**ASSIGNED TASK:** Within the records that follow, restate exactly the lines from the line with "Jimmy Giuffre, Andre" down to the line with "kaupungin ympäristö- ja", including both. Omit the pictures.

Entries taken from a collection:
##############################

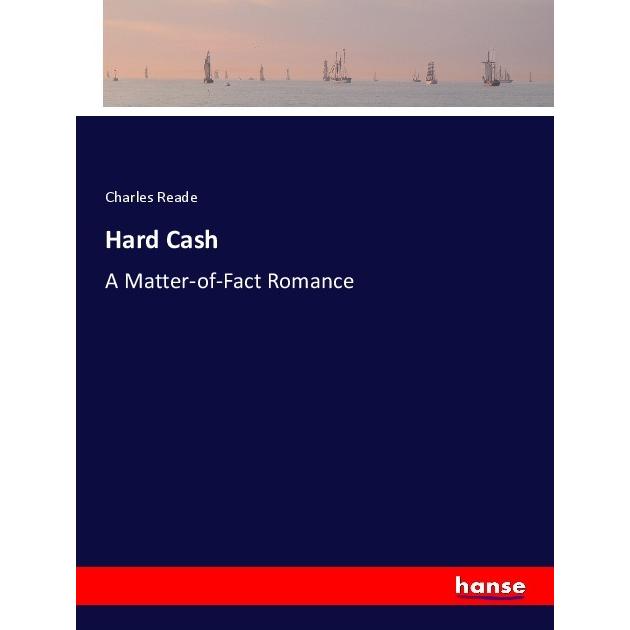 Hard Cash, Belletristik von Charles Reade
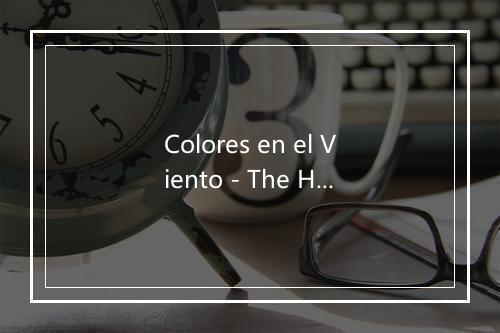 Colores en el Viento - The Harmony Group-歌词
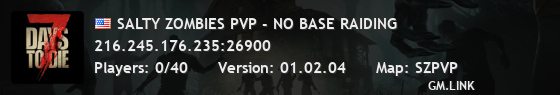 SALTY ZOMBIES PVP - NO BASE RAIDING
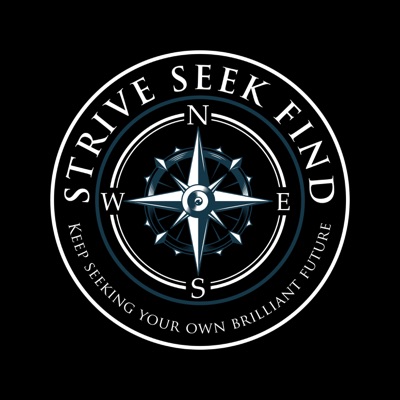 Strive Seek Find Strive Seek Find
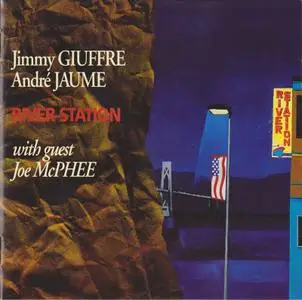 Jimmy Giuffre, Andre Jaume with Joe McPhee - River Station (1993)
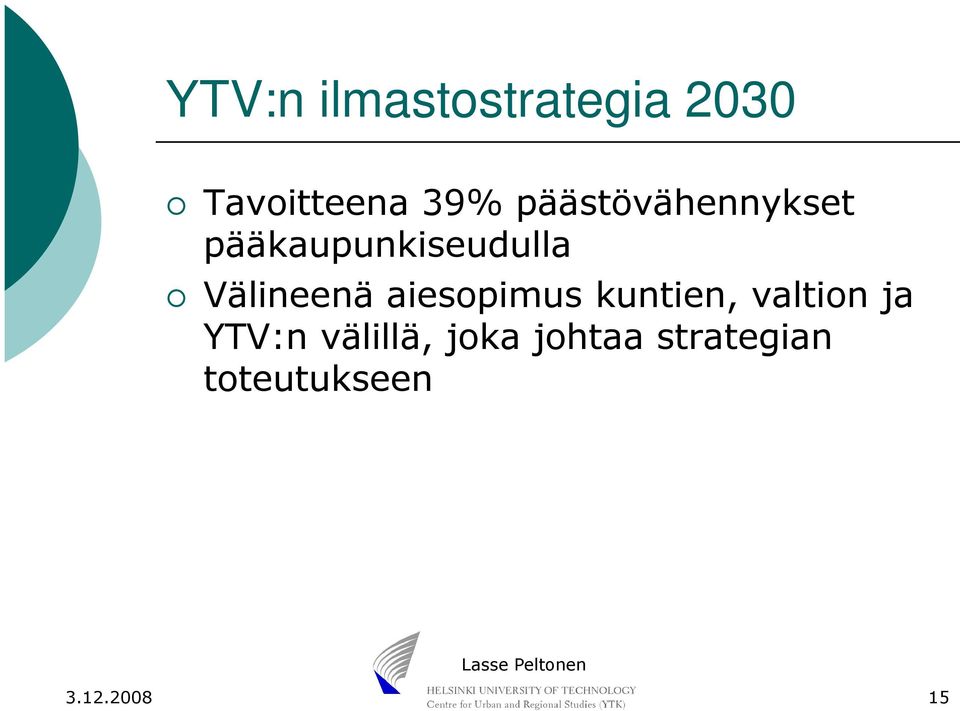 Välineenä aiesopimus kuntien, valtion ja YTV:n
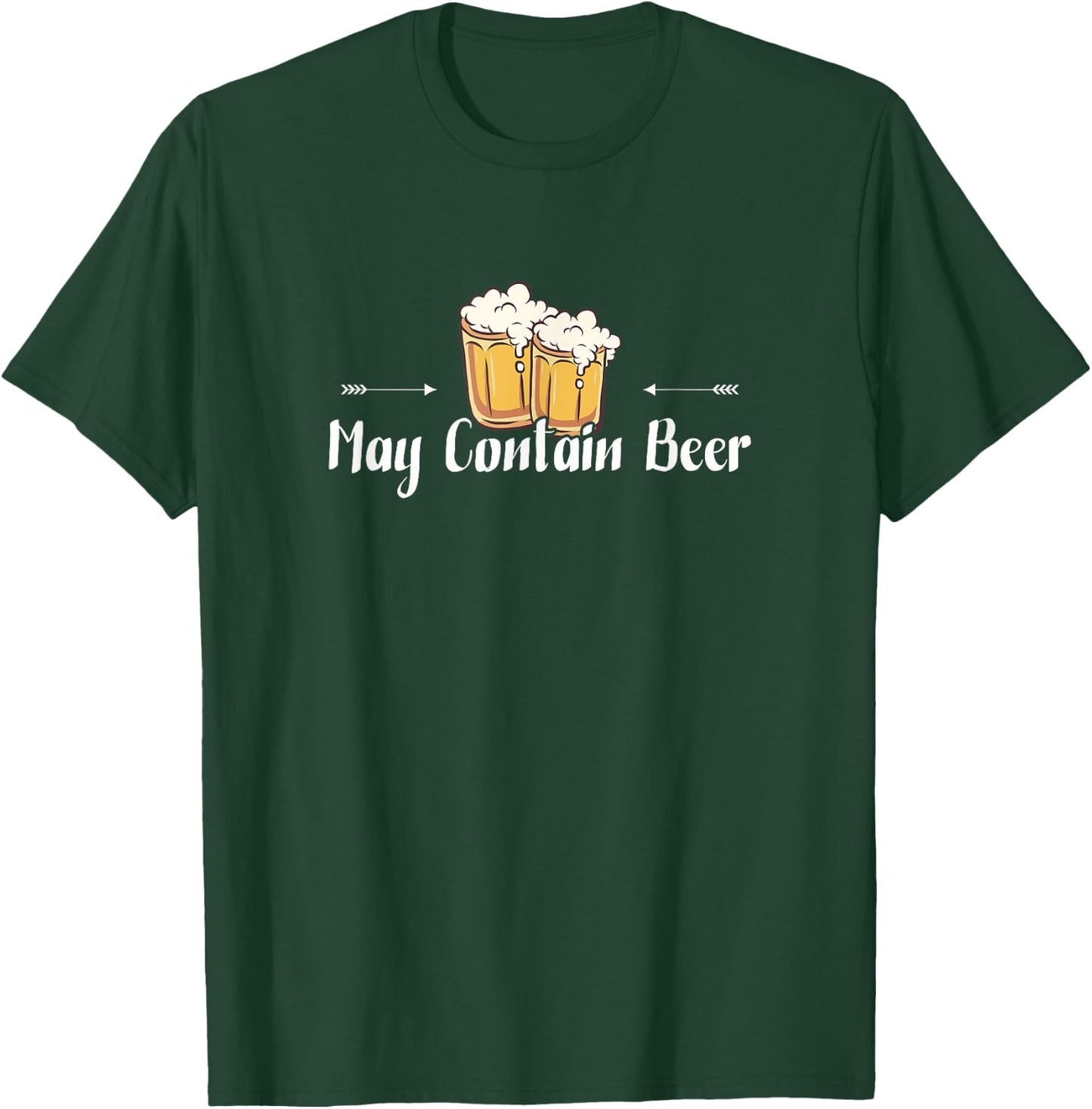 May Contain Beer - Cute Alcohol Lover Beer Drinking Gift T-Shirt - T-Shirt | Forest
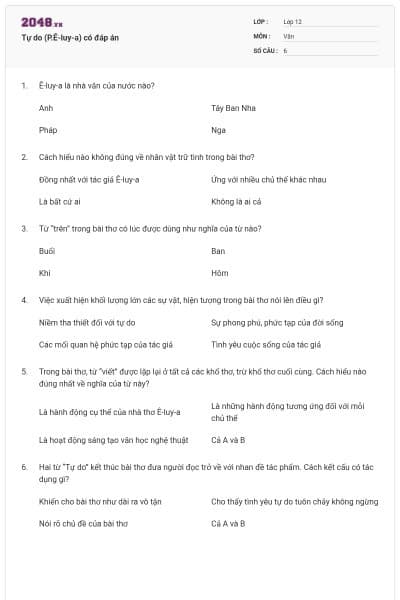 Tự do (P.Ê-luy-a) có đáp án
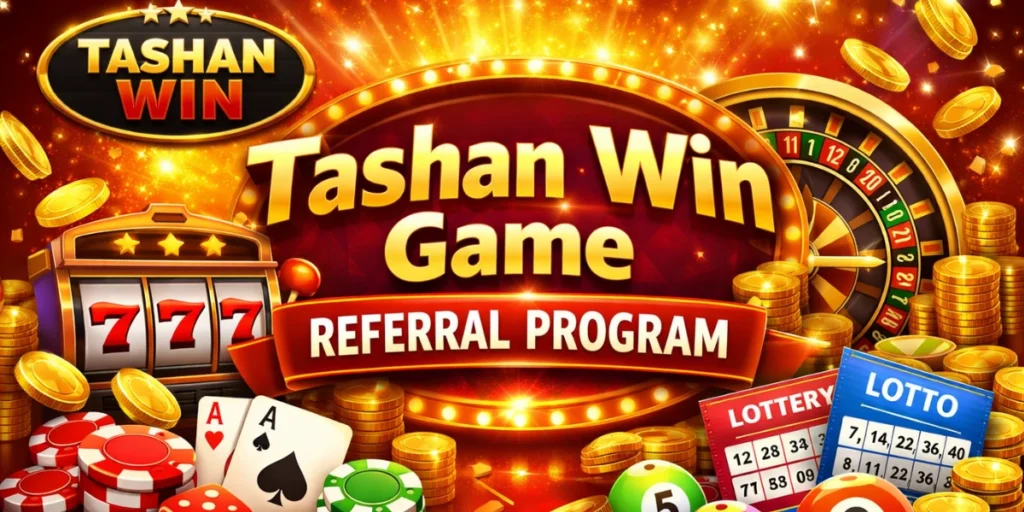 Tashan Win Game Referral Program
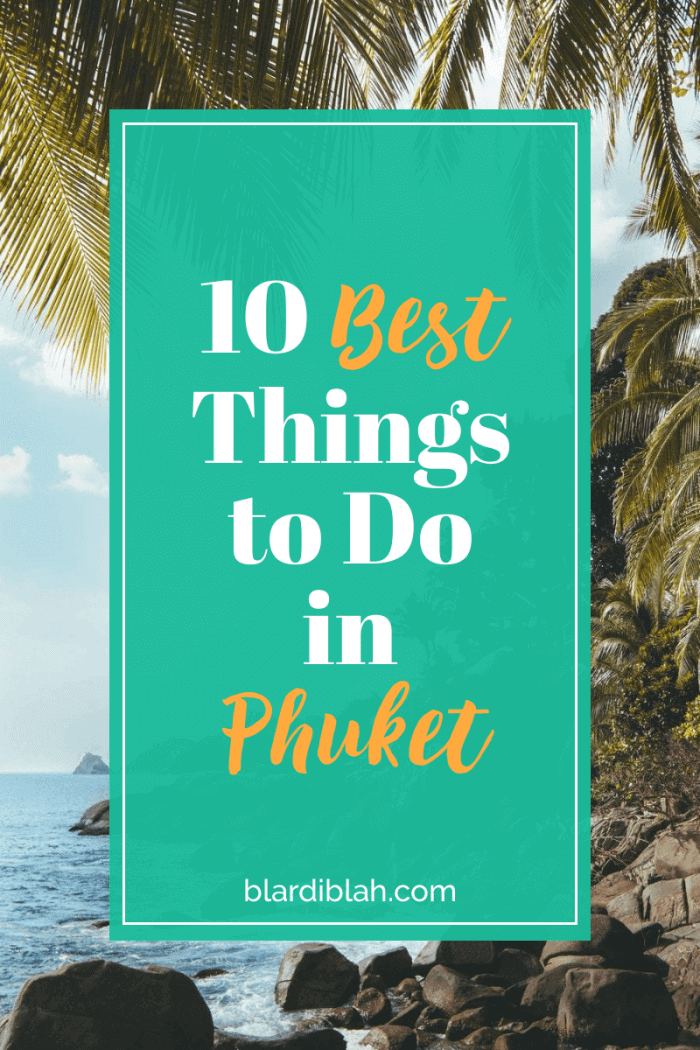 10 Best Things to Do in Phuket Thailand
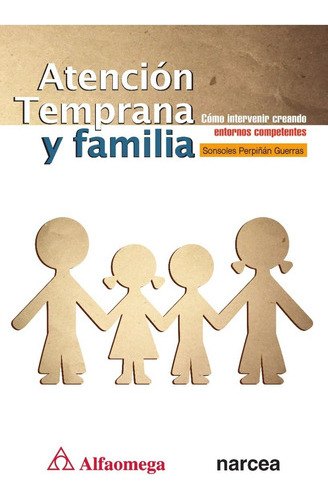 Libro Educación Atención Temprana Y Familia 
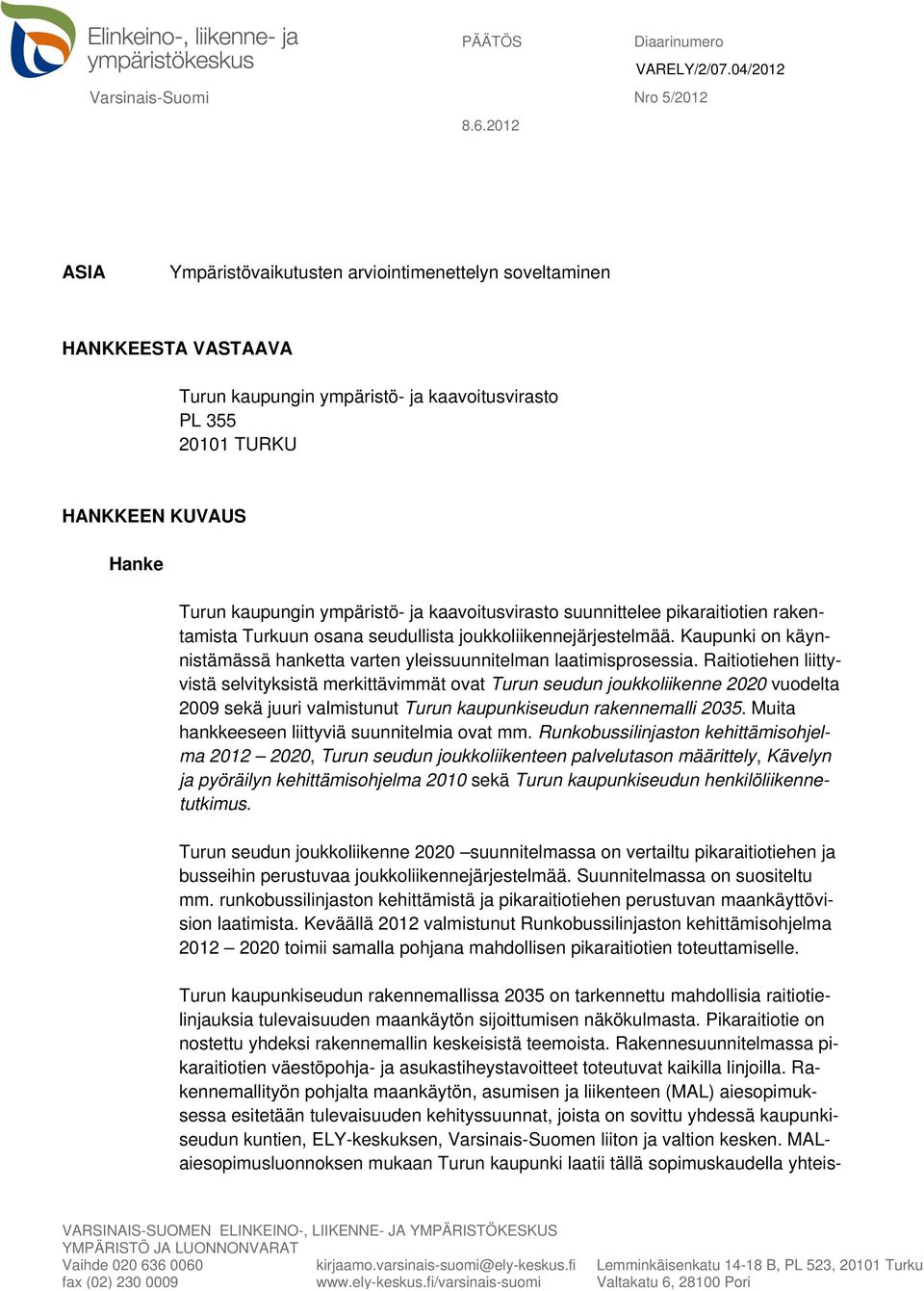 kaupungin ympäristö- ja kaavoitusvirasto suunnittelee pikaraitiotien rakentamista Turkuun osana seudullista joukkoliikennejärjestelmää.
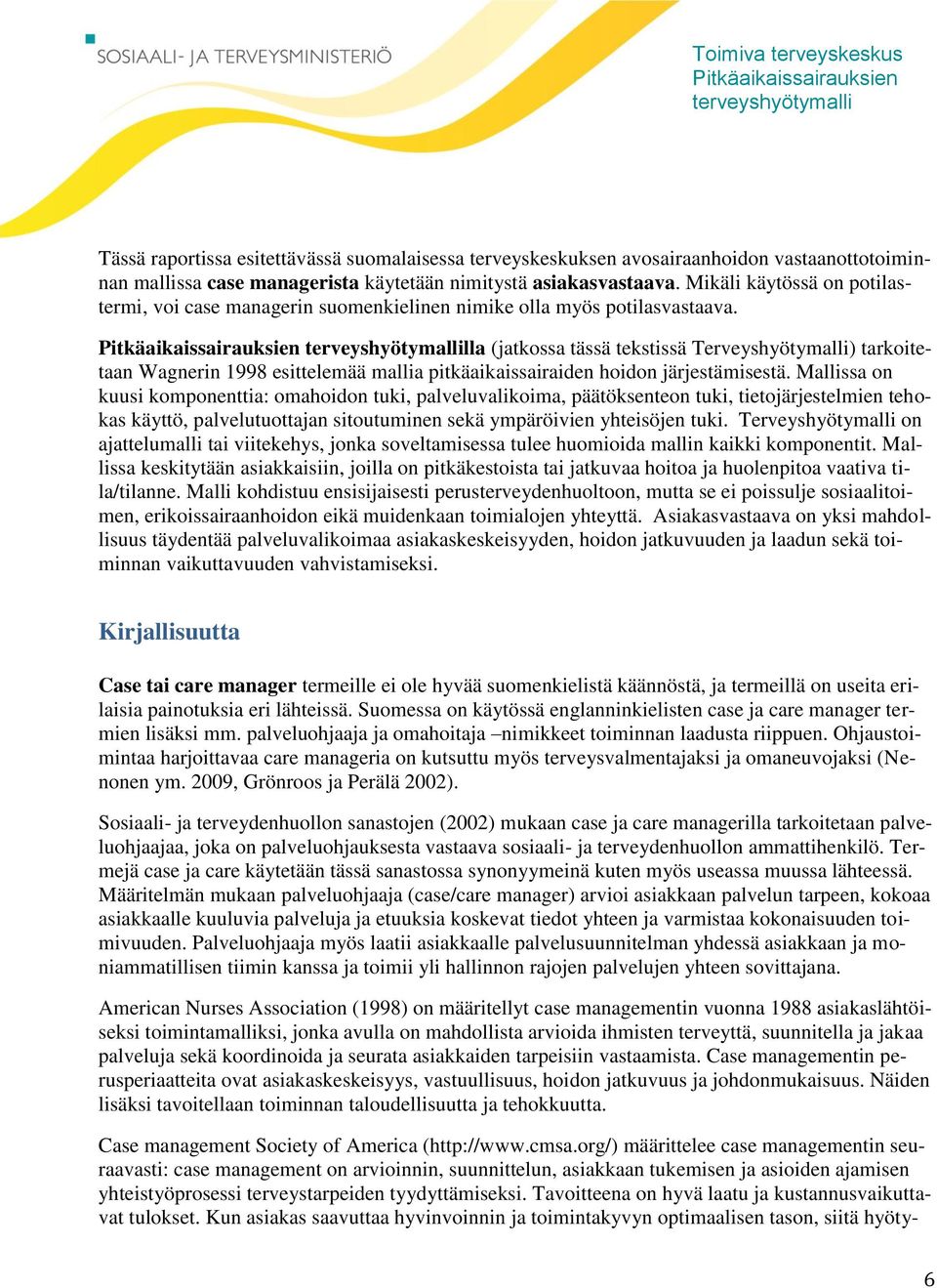 lla (jatkossa tässä tekstissä Terveyshyötymalli) tarkoitetaan Wagnerin 1998 esittelemää mallia pitkäaikaissairaiden hoidon järjestämisestä.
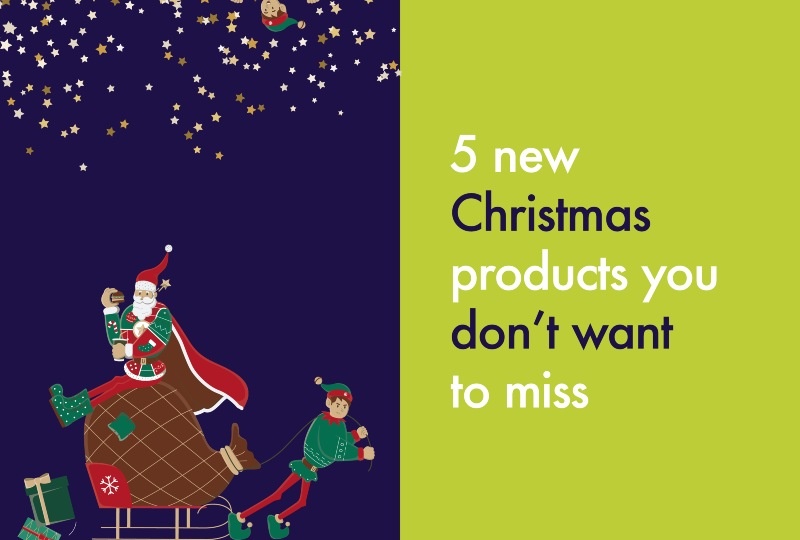 5 new Christmas products you don't want to miss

##############################

**WORKED SOLUTION:**
 Jimmy Giuffre, Andre Jaume with Joe McPhee - River Station (1993)
 Välineenä aiesopimus kuntien, valtion ja YTV:n
 May Contain Beer - Cute Alcohol Lover Beer Drinking Gift T-Shirt - T-Shirt | Forest
 Tự do (P.Ê-luy-a) có đáp án
 Tashan Win Game Referral Program
 10 Best Things to Do in Phuket Thailand
 Libro Educación Atención Temprana Y Familia 
 kaupungin ympäristö- ja kaavoitusvirasto suunnittelee pikaraitiotien rakentamista Turkuun osana seudullista joukkoliikennejärjestelmää.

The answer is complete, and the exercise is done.